Biomedical researchers at KU Leuven have found a new way to study endometrial diseases such as endometriosis and cancer. They were able to grow three-dimensional cell structures from diseased tissue of patients. The biobank can be used to unravel the disorders and test drugs.
Diseases of the endometrium are an important cause of infertility. One example is endometriosis, which is characterised by growth of endometrial-like tissue outside the uterine cavity, resulting in chronic abdominal pain and painful sexual intercourse. Up to half of the patients are subfertile or infertile. Treatment usually requires surgery and permanent hormonal therapy, which is incompatible with pregnancy.
Although endometriosis affects one in ten women worldwide in their fertile years, the illness remains taboo. Public figures like actress Lena Dunham and, recently, fashion designer Alexa Chung, who both suffer from endometriosis, are trying to raise awareness about the disease.
Another important disorder is endometrial cancer, the most common gynecological cancer, with tumours growing in and from the endometrium. We need a better understanding of, and more effective treatments for both diseases. But in order to make progress, researchers have to be able to grow and study the endometrium in the lab.
In 2017, Professor Hugo Vankelecom and his team at Department of Development and Regeneration at KU Leuven developed ‘organoids’ from a healthy endometrium. These three-dimensional cell structures are grown in a petri dish from tissue fragments and cells of clinical biopsies. The organoids accurately replicate the original endometrial tissue.

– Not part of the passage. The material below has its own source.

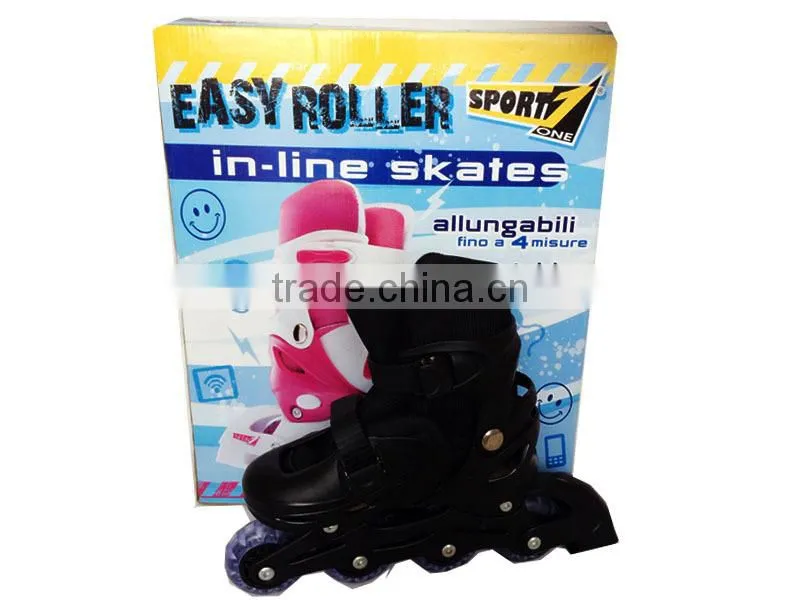 Sport roller flash light inline skate shoe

With this new study, the team have gone even further, developing organoids from a broad spectrum of endometrial diseases, including endometriosis and endometrial cancer. “The organoids form ‘avatars’, as it were, of the diseased tissue and can also be used to test the effect of drugs and new drug candidates,” senior author Hugo Vankelecom (KU Leuven) explains. “Our study shows that endometrial cancer organoids of different patients are each in a specific way sensitive to chemotherapeutic drugs. Further research will show whether such tests can be of help in the clinical treatment of individual patients. This is an example of what we call personalised medicine.”
“We now have a biobank of organoids from endometrium in healthy and diseased conditions. This can help us discover how an aberrantly functioning endometrium causes infertility and then look for treatments. Our new research model offers the potential to better understand and eventually treat uterine diseases such as endometriosis,” concludes Vankelecom.